Our results confirmed that ANXA3 was high expression at the mRNA and protein level in GC cancer tissues and the majority of GC cell lines. In clinicopathological analysis, we found that increased expression of ANXA3 in tumors was closely associated with a poor prognosis. Xogenous ANXA3 transduction promoted proliferation, clone formation, migration, and invasion. Small interfering RNA silencing of ANXA3 inhibited these processes. Silence of ANXA3 inhibited tumorigenicity in vivo. Additionally, ANXA3 expression is associated with the epithelial–mesenchymal transition.
Firstly, we investigated the ANXA3 expression on mRNA and protein level with RT-PCR and Western blot. Secondly, 183 GC patients tissues were used the to evaluate the clinicopathological characteristics and prognosis through immunohistochemistry. Furthermore, The functions of ANXA3 were analyzed in the cell proliferation, Colony Formation, migration, invasion and apoptosis of GC cell lines.
Our research suggests that ANXA3 plays important roles in gastric cancer carcinogenesis and metastasis, and provides a valuable prognostic marker and potential target for treatment of gastric cancer patients.

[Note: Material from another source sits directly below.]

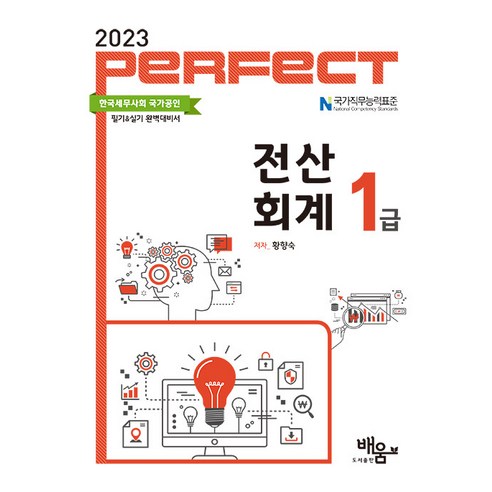 [도서출판 배움]2023 Perfect 전산회계 1급, 도서출판 배움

Gastric cancer (GC) is the third common malignancies in China, accounting for about four hundred thousand new cases each year . Over the past decades, in spite of observable advancement in surgical technique, chemotherapy and radiotherapy, the overall survival for GC has not been significantly improved . Tumour metastasis is a major lethal cause in GC patients . It has been known that the tumorigenesis and progression of GC is fully convinced as a multi-step procedure that related to the mobilization of oncogenes and the restrain of tumor suppressors [3–4]. Therefore, to understand the molecular mechanisms governing the carcinogenesis and metastasis of GC is anticipated.

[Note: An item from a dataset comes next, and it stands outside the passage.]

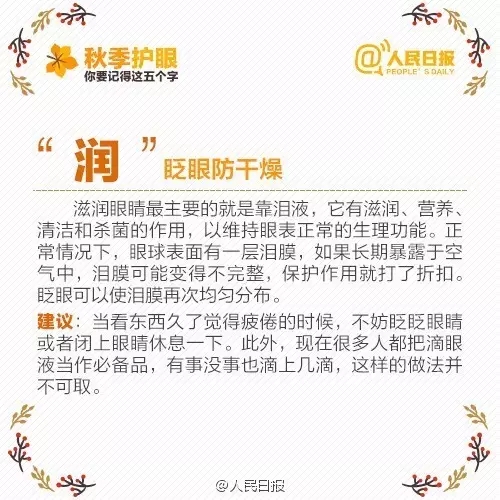 秋季護(hù)眼，請記住這“五字訣”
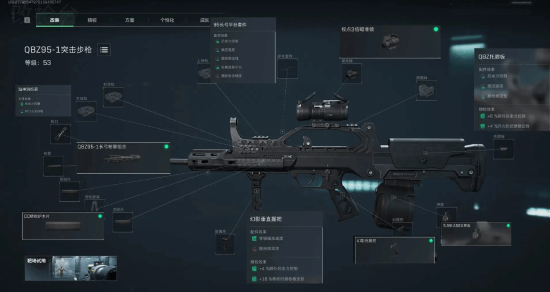 方的激烈对 方的激烈对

The epithelial–mesenchymal transition (EMT), an essential process in development of embryos, is involved in the metastasis and progression of tumors [5–7]. Activation of the EMT program, along with an accumulation in expreission of the mesenchymal marker vimentin and loss of the epithelial marker E-cadherin, endows carcinoma cells with enhanced migratory and invasive capacities that facilitate dissemination to permissive niches . EMT is a process initiated by a series of cumulative genetic and epigenetic modifications that occur in transforming cells and signals from the tumor microenvironment . All sorts of signaling pathways are participated in EMT, including the tumor growth factor-β(TGF-β), nuclear factor-kB (NF-kB), RTK/Ras and Wnt/β- catenin pathways, correlated with tumor progression [9–12].

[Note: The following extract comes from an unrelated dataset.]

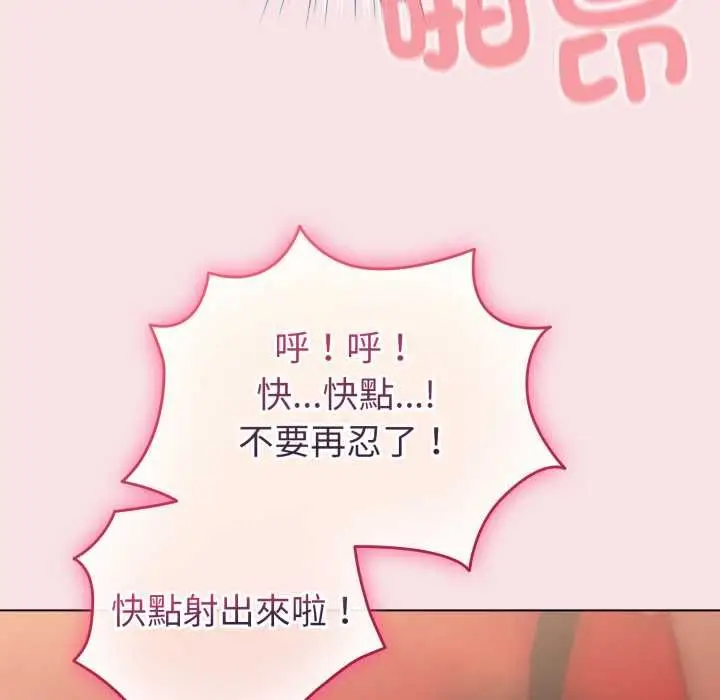 《配角的生存任务》第64话图160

Annexin A3 (Anxa3), as well as designated as lipocortin3, placental anticoagulant protein3 (PAP-III), subordinate to annexin family . It has three different domain composition: a short The C-terminus domain including four conserved ‘annexin repeat’ domains I, II, III and IV, a repeated collagen-like sequence, and a COOH-terminal domain including a single carbohydrate recognition-binding domain [14–15]. It is a membrane associated protein involved in the regulation of varieties of biological responses, containing cell proliferation, angiogenesis, cancer progression and metastasis [16–18]. ANXA3has been identified as a putative tumor oncogene in a diversity of carcinomas, such as Ovarian carcinoma, Lung adenocarcinoma, hepatocellular carcinoma, Colorectal cancer [19–22]. Overexpression of ANXA3 significantly promoted tumor cell growth and increased the tumorigenic potential of a number of tumor lines in nude mice . However, the role of ANXA3 in GC has not been further investigated.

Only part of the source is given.